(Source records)
##############################

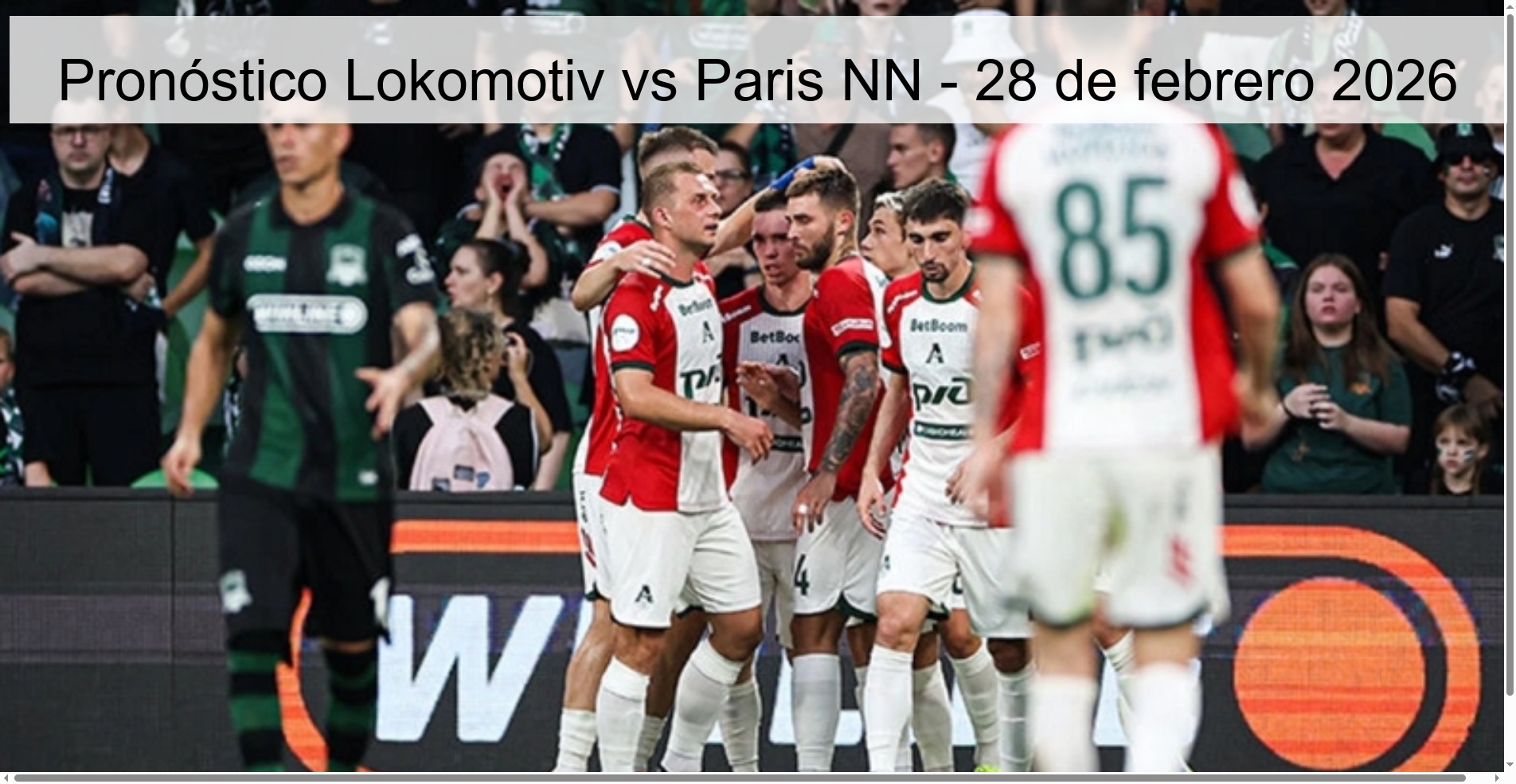 Lokomotiv vs Paris NN Prediction - February 28, 2026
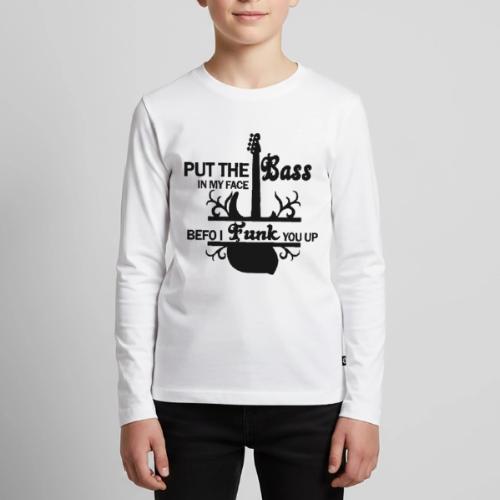 PUT THE BASS IN MY FACE - Kids' Premium Long Sleeve T-Shirt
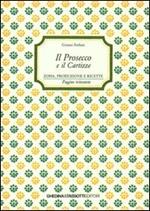 Il prosecco e il Cartizze. Zona, produzione e ricette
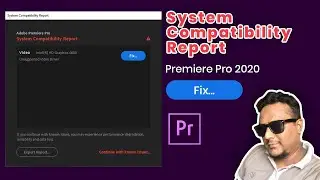 Adobe Premiere Pro 2021 system Compatibility Report Fix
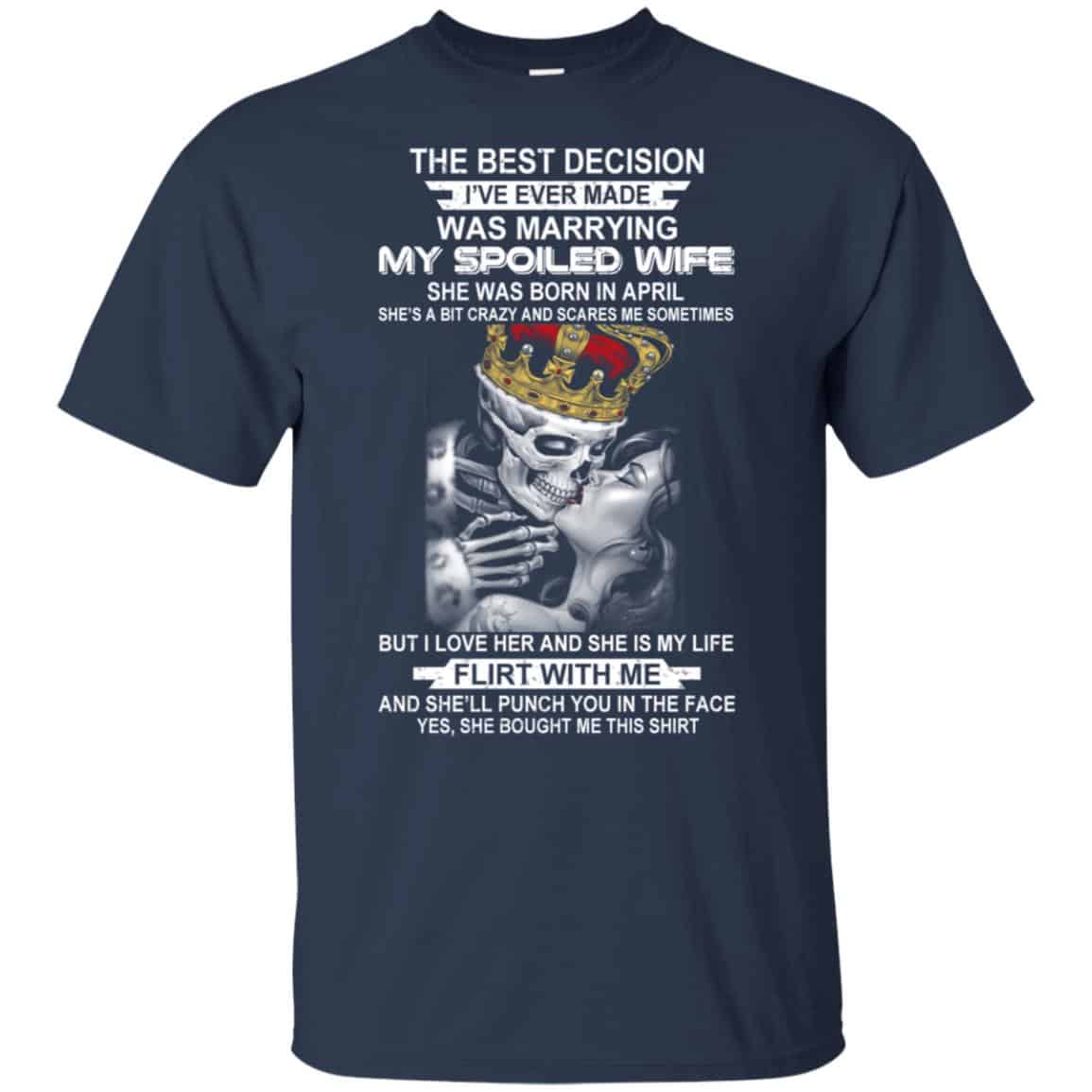 Best Decision Marrying My Spoiled Wife April Husband T-Shirts, Hoodie, Tank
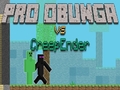 Spēle Pro Obunga vs CreepEnder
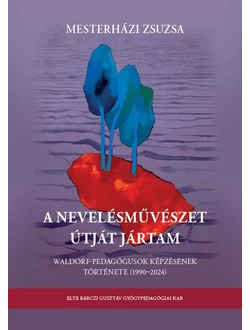 A nevelésművészet útját jártam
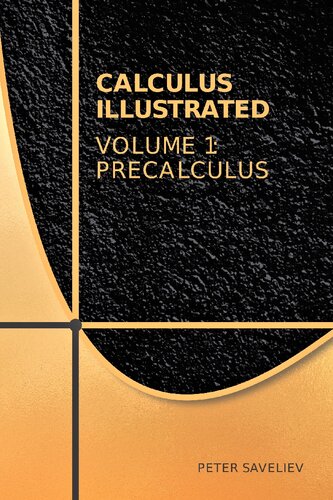 Calculus Illustrated. Volume 1: Precalculus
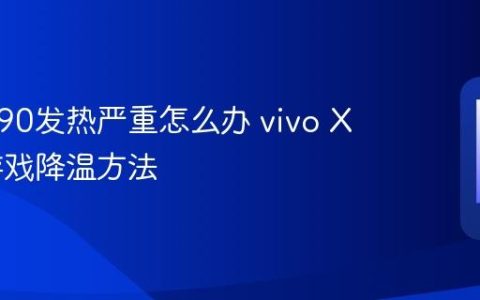vivo X90发热严重怎么办 vivo X90玩游戏降温方法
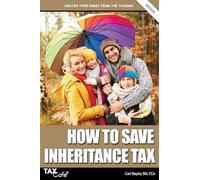 How to Save Inheritance Tax: 2023/24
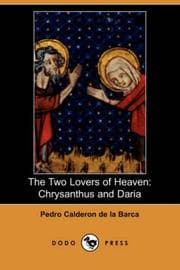 The Two Lovers of Heaven — Pedro Calderón de la Barca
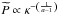 \hbox{$\widetilde{P}\propto\kappa^{-\left(\frac{1}{a-1}\right)}$}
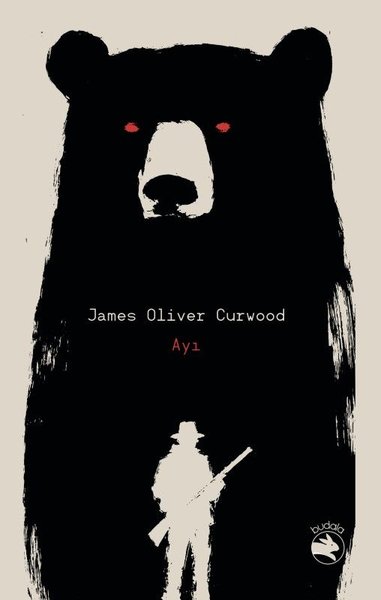 Ayı / James Oliver Curwood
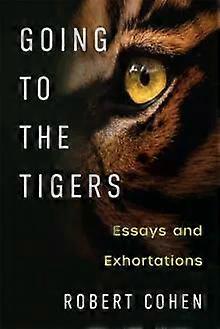 Going To The Tigers - Robert Cohen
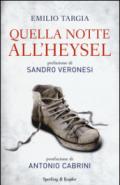 Quella notte all'Heysel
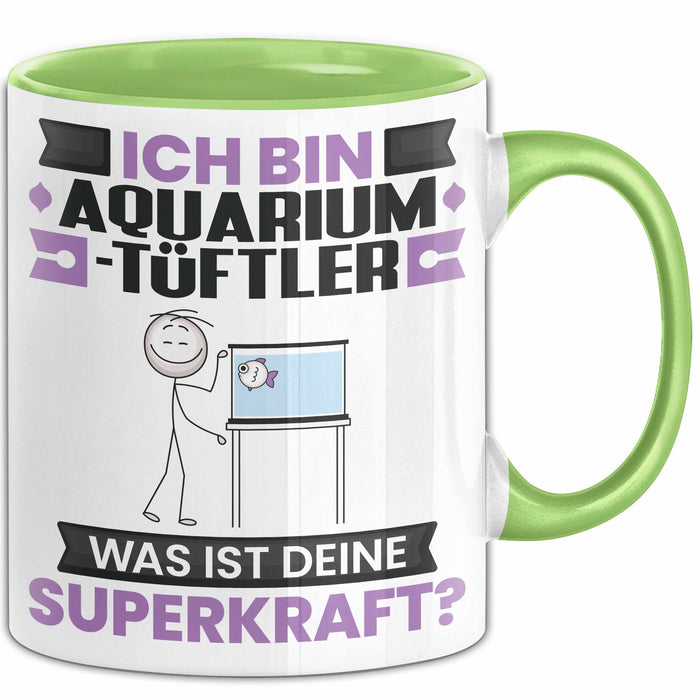 Aquarium-Tüftler Tasse Geschenk für Aquarium-Tüftler Geburtstag Lustiger Spruch Kaffee-Becher Was Ist Deine Superkraft Grün Trendation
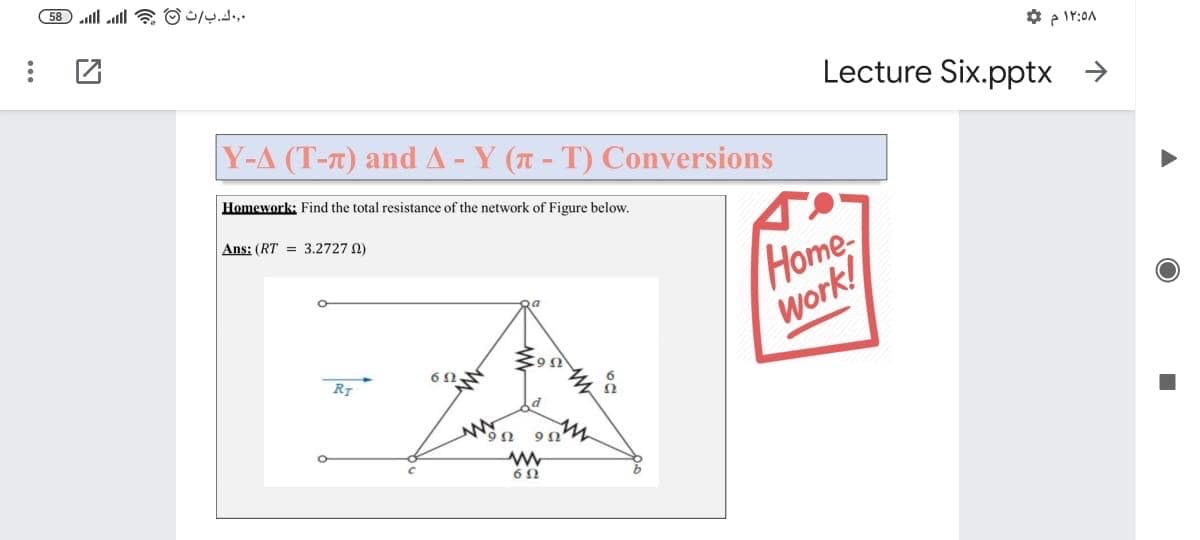 58 lll ll OJ..
Lecture Six.pptx
Y-A (T-T) and A-Y (T - T) Conversions
->
Homework: Find the total resistance of the network of Figure below.
Ans: (RT = 3.2727 0)
Home
Work!
RT
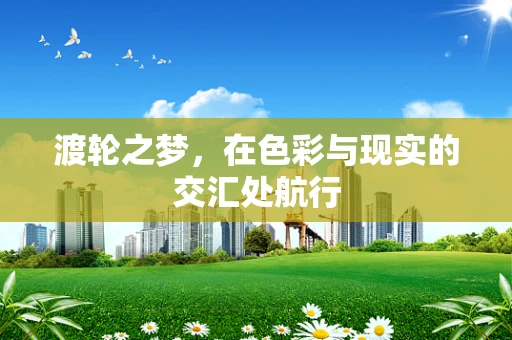 渡轮之梦，在色彩与现实的交汇处航行
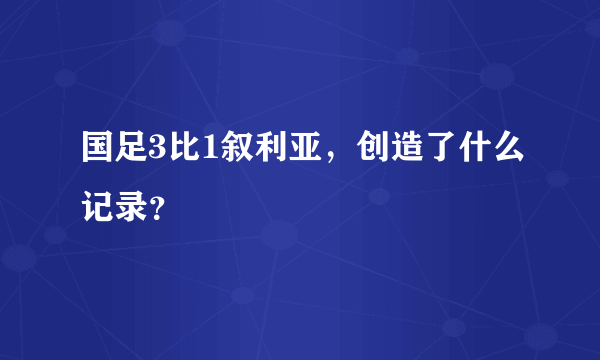 国足3比1叙利亚，创造了什么记录？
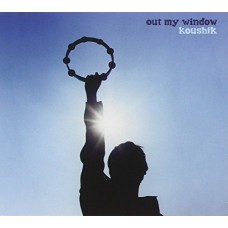 KOUSHIK-OUT MY WINDOW (CD)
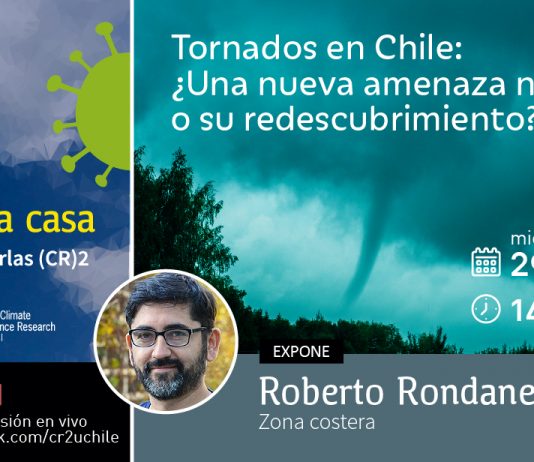 29 de julio | Charlas (CR)2 Ciencia desde la casa «Tornados en Chile: ¿una nueva amenaza natural o su redescubrimiento?»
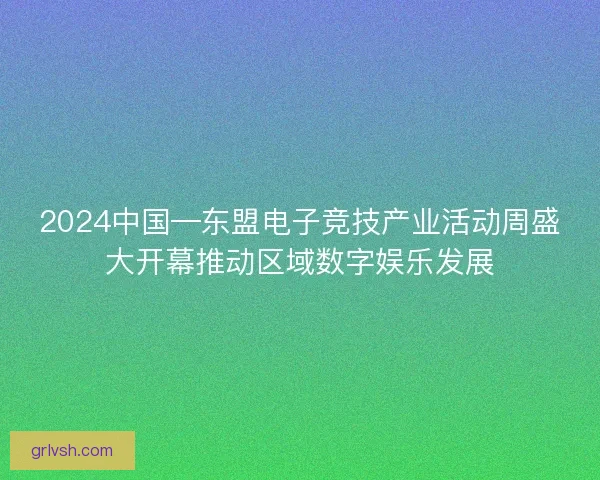 2024中国—东盟电子竞技产业活动周盛大开幕推动区域数字娱乐发展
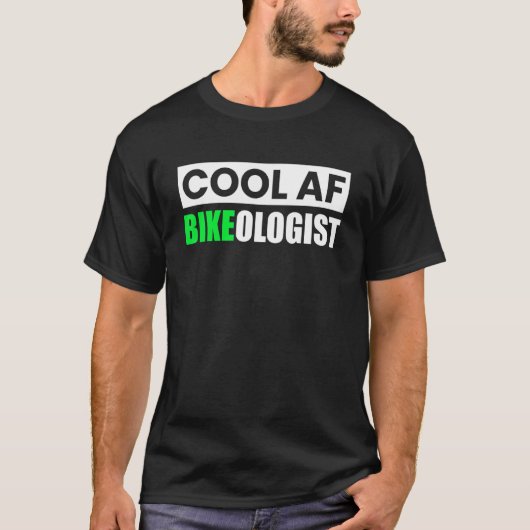 T-shirt Funny Biker Cool Af Bikeologist Motorcycle équitat (Devant)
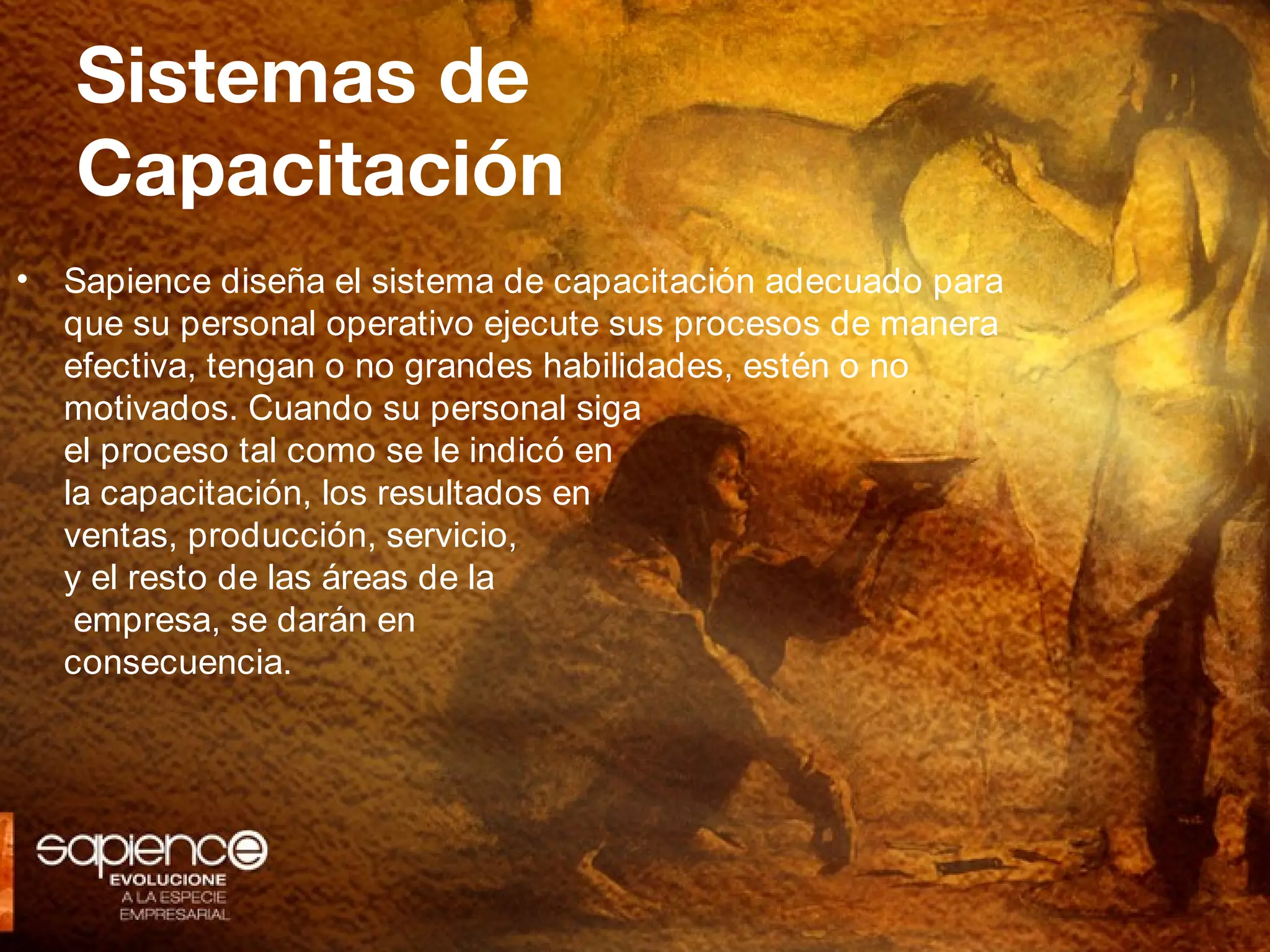 Sistemas de
    Capacitación
•   Sapience diseña el sistema de capacitación adecuado para
    que su personal operativo ejecute sus procesos de manera
    efectiva, tengan o no grandes habilidades, estén o no
    motivados. Cuando su personal siga
    el proceso tal como se le indicó en
    la capacitación, los resultados en
    ventas, producción, servicio,
    y el resto de las áreas de la
     empresa, se darán en
    consecuencia.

##############################

Reproduce the data above in full, exactly, with the images removed.

 Lokomotiv vs Paris NN Prediction - February 28, 2026
 PUT THE BASS IN MY FACE - Kids' Premium Long Sleeve T-Shirt
 Il prosecco e il Cartizze. Zona, produzione e ricette
 Adobe Premiere Pro 2021 system Compatibility Report Fix
 Best Decision Marrying My Spoiled Wife April Husband T-Shirts, Hoodie, Tank
 Spēle Pro Obunga vs CreepEnder
 A nevelésművészet útját jártam
 Calculus Illustrated. Volume 1: Precalculus
vivo X90发热严重怎么办 vivo X90玩游戏降温方法
 How to Save Inheritance Tax: 2023/24
 The Two Lovers of Heaven — Pedro Calderón de la Barca
 \hbox{$\widetilde{P}\propto\kappa^{-\left(\frac{1}{a-1}\right)}$}
 Ayı / James Oliver Curwood
 Going To The Tigers - Robert Cohen
 Quella notte all'Heysel
 Aquarium-Tüftler Tasse Geschenk für Aquarium-Tüftler Geburtstag Lustiger Spruch Kaffee-Becher Was Ist Deine Superkraft Grün Trendation
 58 lll ll OJ..
Lecture Six.pptx
Y-A (T-T) and A-Y (T - T) Conversions
->
Homework: Find the total resistance of the network of Figure below.
Ans: (RT = 3.2727 0)
Home
Work!
RT
 渡轮之梦，在色彩与现实的交汇处航行
 国足3比1叙利亚，创造了什么记录？
 KOUSHIK-OUT MY WINDOW (CD)
 29 de julio | Charlas (CR)2 Ciencia desde la casa «Tornados en Chile: ¿una nueva amenaza natural o su redescubrimiento?»
 2024中国—东盟电子竞技产业活动周盛大开幕推动区域数字娱乐发展
 T-shirt Funny Biker Cool Af Bikeologist Motorcycle équitat (Devant)
 Sistemas de
    Capacitación
•   Sapience diseña el sistema de capacitación adecuado para
    que su personal operativo ejecute sus procesos de manera
    efectiva, tengan o no grandes habilidades, estén o no
    motivados. Cuando su personal siga
    el proceso tal como se le indicó en
    la capacitación, los resultados en
    ventas, producción, servicio,
    y el resto de las áreas de la
     empresa, se darán en
    consecuencia.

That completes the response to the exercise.